集められた紅花が船で最上川を下り、日本海を渡って京、大阪の町へと運ばれていき、莫大な富を紅花商人にもたらしたのです。
そしてその戻り船によって、貴重な京、大阪の文化が山形に持ち込まれました。お雛さまもその中の一つ。
300年を経たいまも、旧家には雛人形が数多く残され、1月から4月にかけて、山形市周辺の14市町で公開されています。

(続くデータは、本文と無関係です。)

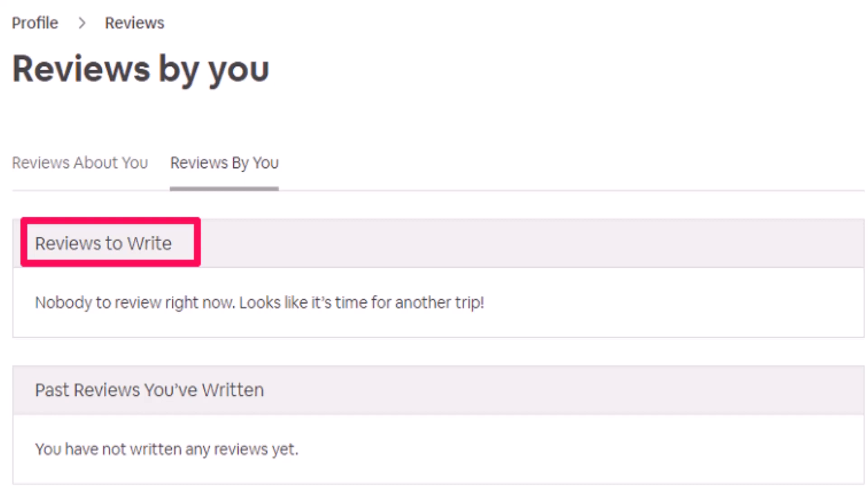For your reviews to be considered as valid and genuine, you need to complete an entire stay, that is from check-in to check-out.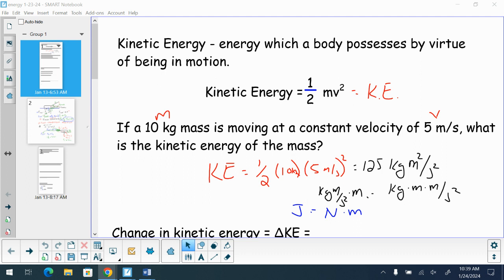Yesterday we started working with energy, looking at the idea of energy, and we talked about there is going to be a connection that we have with respect to energy and the idea of work that we talked about already in this chapter. Kinetic energy is energy which a body possesses by virtue of being in motion.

そのうちのひとつ、近所で比較的展示内容が素敵な天童の雛飾りを見てきました。
旧東村山郡役所資料館
会場は昔の役所を資料館としたものです。……現代の建物とは違った魅力あるものです。ただし見るからに地震をはじめとした災害には弱そうですけど。階段が急です。ご高齢の方にはきついと思われます。

御殿飾り
御殿飾り(大正時代)
精巧にできた組み立て式の御殿の中に15人揃いの雛人形と道具があります。京の御所をイメージしています。

古今雛1
古今雛2
古今雛3
古今雛(江戸後期)
江戸で生まれた内裏雛で装飾が多く豪華なつくりとあでやかな表情が特徴だそうです。

押絵段飾り
押絵段飾り(江戸末期~昭和30年代)
ここで見られる最も特徴的な雛だと思います。
3代にわたって作られた押絵による雛人形です。町家の手芸として広まったそうです。

折り紙を折る
建物には休憩室が設けられていて、ここでお茶をいただきながら折り紙を折る事が出来ます。
この時ちょうど、おばあちゃんとお孫さんがいました。

折紙雛
完成品です。手を合わせているものが雌雛です。ちょっと複雑な折方なのできれいに折るのは大変ですけど。